PROBLEM DESCRIPTION:
Begin your copy at the line holding "Proedit Soft Fit" and end it at the last line of the listing. Keep every line exact and leave out the pictures.
━━ EXCERPTED RECORDS ━━
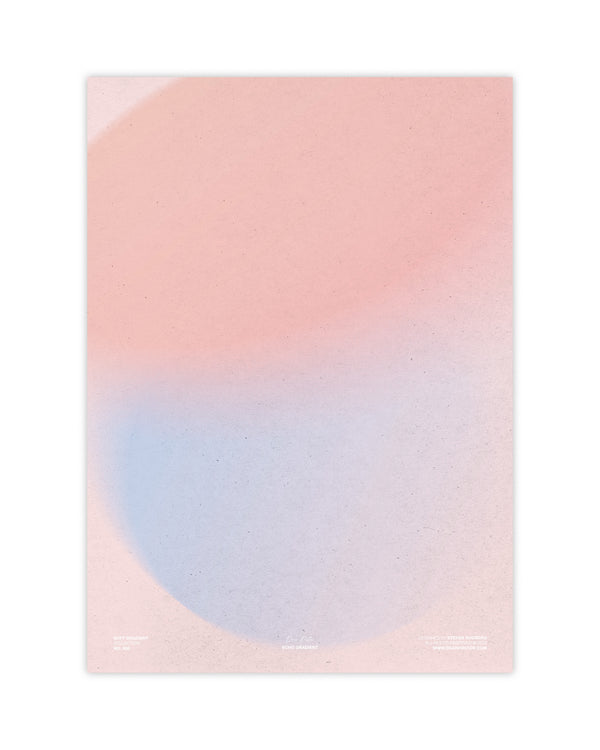 Echo Gradient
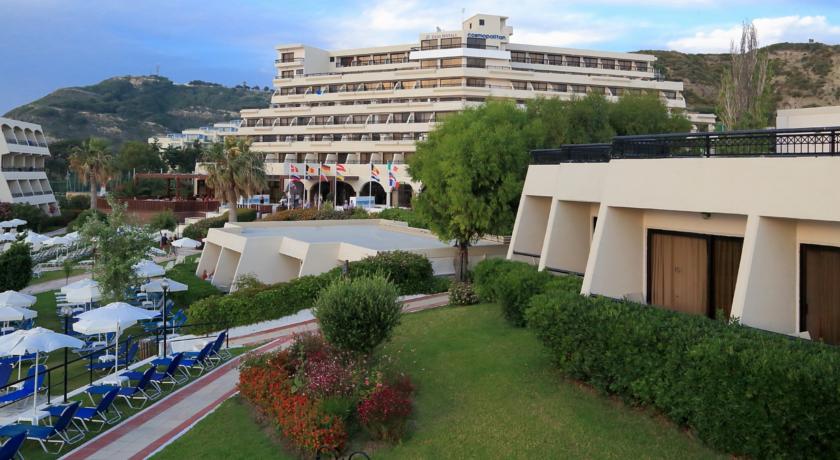 Imagine Hotel Smartline Cosmopolitan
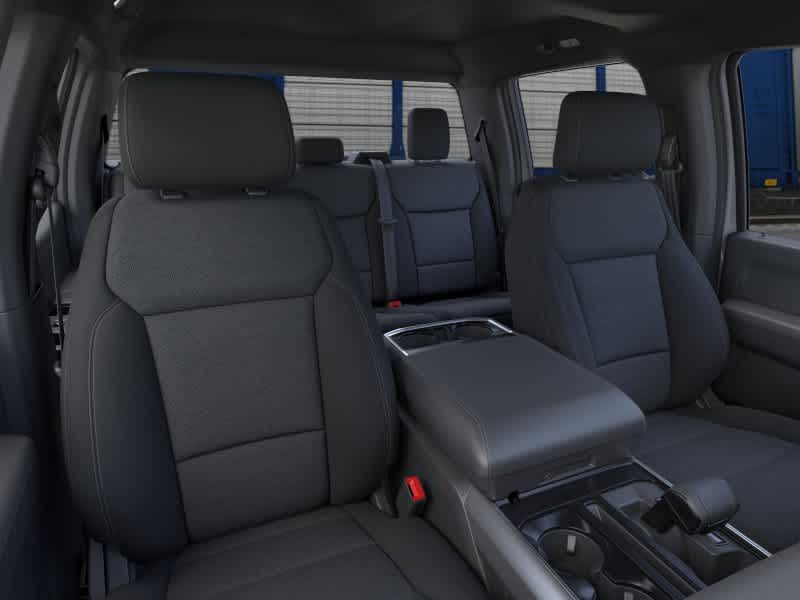 Thumbnail: 2026 Ford F-150 - 10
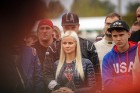 Bauskā noslēdzas Latvijas autokrosa čempionāts 7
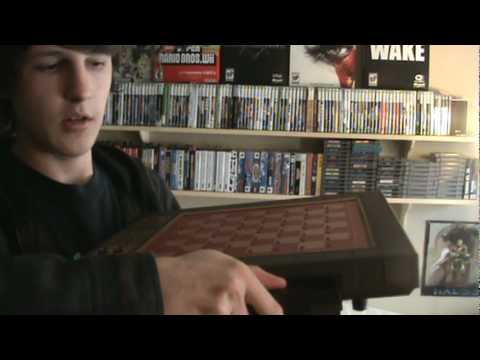 chess computer
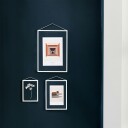 Moebe Frame A3 31,7x44 cm Hvit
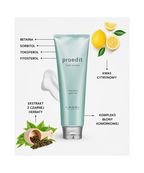 Proedit Soft Fit Hair Treatment - Maska regenerująca do włosów suchych i zniszczonych*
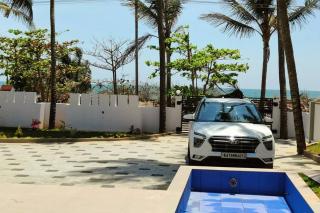 Sunset Bay Beach Villa - 8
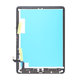 Apple iPad Air 11 (2024, 2025) - LCD Display + Touchscreen Front Glas TFT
━━━
ANSWER SPACE:
 Proedit Soft Fit Hair Treatment - Maska regenerująca do włosów suchych i zniszczonych*
 Sunset Bay Beach Villa - 8
 Apple iPad Air 11 (2024, 2025) - LCD Display + Touchscreen Front Glas TFT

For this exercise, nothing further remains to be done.